Apart from the issues with inertia, systems might experience many other potential dynamic issues with the further integration of renewables. Some of the significant issues that systems are already facing are related to voltage stability [2]. While long-term voltage stability is an extensively researched topic, short-term stability is comparably receiving significantly less attention. Although the issue used to be a low-probability event, with the changes we see in the systems, this might no longer be the case. It can be expected that local voltage-related issues will be more common, and will become a major focus of system operators throughout the energy transition [2,3].

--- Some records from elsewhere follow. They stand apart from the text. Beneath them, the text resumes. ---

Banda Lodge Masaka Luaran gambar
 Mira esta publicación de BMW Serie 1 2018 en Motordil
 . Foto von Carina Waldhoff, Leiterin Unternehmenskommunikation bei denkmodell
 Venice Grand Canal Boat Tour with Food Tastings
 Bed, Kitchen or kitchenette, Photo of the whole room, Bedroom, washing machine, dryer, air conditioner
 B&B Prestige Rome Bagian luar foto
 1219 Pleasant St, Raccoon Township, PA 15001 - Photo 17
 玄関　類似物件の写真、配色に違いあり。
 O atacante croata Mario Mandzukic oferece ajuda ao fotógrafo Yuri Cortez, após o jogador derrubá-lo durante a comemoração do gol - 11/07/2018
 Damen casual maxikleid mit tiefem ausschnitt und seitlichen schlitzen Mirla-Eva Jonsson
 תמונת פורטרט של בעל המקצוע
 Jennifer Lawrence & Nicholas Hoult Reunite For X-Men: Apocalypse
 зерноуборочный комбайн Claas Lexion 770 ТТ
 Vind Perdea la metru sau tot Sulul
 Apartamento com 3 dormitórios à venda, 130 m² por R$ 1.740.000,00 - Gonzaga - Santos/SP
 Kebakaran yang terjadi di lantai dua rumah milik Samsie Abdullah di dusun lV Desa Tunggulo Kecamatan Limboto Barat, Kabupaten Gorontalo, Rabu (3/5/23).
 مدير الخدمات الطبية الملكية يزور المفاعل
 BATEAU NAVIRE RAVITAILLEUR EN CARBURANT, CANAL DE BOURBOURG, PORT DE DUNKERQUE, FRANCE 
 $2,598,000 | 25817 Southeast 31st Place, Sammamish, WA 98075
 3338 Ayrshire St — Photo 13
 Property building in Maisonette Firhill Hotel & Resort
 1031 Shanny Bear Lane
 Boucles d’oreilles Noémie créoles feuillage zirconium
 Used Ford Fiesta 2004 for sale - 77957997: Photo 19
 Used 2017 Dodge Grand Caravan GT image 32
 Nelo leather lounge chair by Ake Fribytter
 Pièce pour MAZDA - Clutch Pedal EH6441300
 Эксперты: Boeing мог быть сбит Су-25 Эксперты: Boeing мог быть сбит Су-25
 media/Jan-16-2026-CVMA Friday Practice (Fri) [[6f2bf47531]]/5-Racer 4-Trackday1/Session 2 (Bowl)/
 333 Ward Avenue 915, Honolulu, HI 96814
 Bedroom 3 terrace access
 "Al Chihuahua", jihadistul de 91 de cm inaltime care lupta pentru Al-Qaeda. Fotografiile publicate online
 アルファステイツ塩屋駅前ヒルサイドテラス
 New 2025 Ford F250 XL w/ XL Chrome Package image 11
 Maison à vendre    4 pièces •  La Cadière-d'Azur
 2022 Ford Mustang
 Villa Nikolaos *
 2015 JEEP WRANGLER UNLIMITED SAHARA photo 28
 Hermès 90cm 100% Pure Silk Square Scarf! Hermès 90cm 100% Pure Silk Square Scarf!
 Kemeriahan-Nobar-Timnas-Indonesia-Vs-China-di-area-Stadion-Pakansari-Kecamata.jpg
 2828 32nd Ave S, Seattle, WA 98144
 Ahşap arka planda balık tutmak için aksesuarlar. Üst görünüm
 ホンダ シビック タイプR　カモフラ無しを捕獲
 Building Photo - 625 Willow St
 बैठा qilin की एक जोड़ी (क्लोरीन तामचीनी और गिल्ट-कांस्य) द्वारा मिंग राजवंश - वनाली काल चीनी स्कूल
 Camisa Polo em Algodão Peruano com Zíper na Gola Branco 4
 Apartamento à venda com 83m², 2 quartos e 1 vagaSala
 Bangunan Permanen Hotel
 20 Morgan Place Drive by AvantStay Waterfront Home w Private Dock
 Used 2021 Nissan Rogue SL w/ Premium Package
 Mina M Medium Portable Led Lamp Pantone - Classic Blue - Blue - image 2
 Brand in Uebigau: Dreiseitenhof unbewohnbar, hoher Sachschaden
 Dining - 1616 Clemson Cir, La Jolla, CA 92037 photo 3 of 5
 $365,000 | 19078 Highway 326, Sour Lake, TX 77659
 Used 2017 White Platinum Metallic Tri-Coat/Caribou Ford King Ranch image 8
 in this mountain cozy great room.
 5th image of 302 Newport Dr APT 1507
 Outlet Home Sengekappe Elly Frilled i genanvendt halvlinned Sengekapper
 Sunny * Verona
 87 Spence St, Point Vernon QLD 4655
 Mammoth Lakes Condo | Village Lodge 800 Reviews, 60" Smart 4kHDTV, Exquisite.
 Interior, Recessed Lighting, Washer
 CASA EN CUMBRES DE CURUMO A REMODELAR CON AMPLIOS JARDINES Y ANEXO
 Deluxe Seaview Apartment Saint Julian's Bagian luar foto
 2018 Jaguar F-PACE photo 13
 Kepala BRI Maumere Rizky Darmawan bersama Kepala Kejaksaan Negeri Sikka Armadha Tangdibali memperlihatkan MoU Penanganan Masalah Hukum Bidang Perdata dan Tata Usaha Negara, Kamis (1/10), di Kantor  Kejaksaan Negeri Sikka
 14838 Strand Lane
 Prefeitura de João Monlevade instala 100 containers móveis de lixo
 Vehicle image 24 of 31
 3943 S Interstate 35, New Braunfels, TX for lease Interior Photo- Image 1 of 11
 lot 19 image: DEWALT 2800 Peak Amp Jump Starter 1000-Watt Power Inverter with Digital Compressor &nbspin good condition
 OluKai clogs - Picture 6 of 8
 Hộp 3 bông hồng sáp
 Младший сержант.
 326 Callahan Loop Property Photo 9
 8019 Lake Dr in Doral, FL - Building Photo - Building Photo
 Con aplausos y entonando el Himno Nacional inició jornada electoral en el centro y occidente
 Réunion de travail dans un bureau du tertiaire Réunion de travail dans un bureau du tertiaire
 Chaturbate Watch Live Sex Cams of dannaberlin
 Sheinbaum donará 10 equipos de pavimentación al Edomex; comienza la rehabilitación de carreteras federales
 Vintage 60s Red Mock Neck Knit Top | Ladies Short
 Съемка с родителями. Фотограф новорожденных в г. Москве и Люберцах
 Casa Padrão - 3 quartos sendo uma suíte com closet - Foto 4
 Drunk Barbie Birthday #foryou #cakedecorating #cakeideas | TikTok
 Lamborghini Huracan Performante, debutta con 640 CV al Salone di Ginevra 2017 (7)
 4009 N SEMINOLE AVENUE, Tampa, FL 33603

Therefore, there exists a great need to analyze and predict short-term (voltage) instabilities. Nevertheless, the methods for such a task are scarce, with questionable applicability to the modern power system dynamics that incorporate a large amount of inverter-based generation (IBG). This is particularly true for methods that are meant to be used in real-time, which are arguably the most important to have. For the advancements in the field of real-time instability evaluation to be made, shortcomings of the currently available methods should be identified. Furthermore, challenges for obtaining a better solution ought to be presented and analyzed.
The main contributions of this paper can be summarized as follows:
  • A comprehensive and critical review of the available short-term instability methods, with the emphasis on real-time solutions;
  • Analysis of the methods on selected relevant qualitative measures (e.g., applicability in systems with high IBG penetration, computational complexity, parameter sensitivity, etc.);
  • Insights on the necessity for a holistic short-term instability evaluation approach due to inherent similarities between various short-term instability phenomena.
This paper is organized into five main sections. The introduction section highlights the motivation behind this work. The second section describes short-term instability in more detail, supported by the current scientific extent, as well as highlights the necessity for an inclusive short-term instability evaluation. In the third section, several short-term instability evaluation methods are assessed in terms of various relevant qualitative factors. The fourth section summarizes the findings and presents a brief discussion. Finally, conclusions and future work considerations are presented in the fifth section.

2. Short-Term Instability Overview

Short-term voltage instability is defined as a voltage deterioration due to fast-acting load components (i.e., induction motors), electronically controlled loads, HVDC links, and inverter-based generation [4]. Alternatively, it can be understood as the inability of a power system to deliver the required power to the loads [5]. The most common cause has been attributed to motor stalling and HVDC links connected to weak AC systems. Stalling motors draw a very high reactive current, stressing the distribution (and sometimes transmission) grid greatly. Such conditions may cause cascading faults, resulting in a swift voltage collapse with potentially widespread consequences.
Furthermore, rapidly increasing renewable energy sources (RES) penetration is notably affecting short-term voltage instability as well, making the phenomenon much more complex. RES influence can be either positive or negative, depending on many factors. Post-disturbance interplays between motors’ dynamics and distributed energy resources (DER) and their controls leads to an emphasized need to monitor and predict potential instabilities. Some of the factors that may cause short-term instabilities were analyzed in depth in [6,7]. It is expected that these effects will become even more frequent and more severe in modern grids, creating the need for both real-time monitoring and mitigation solutions.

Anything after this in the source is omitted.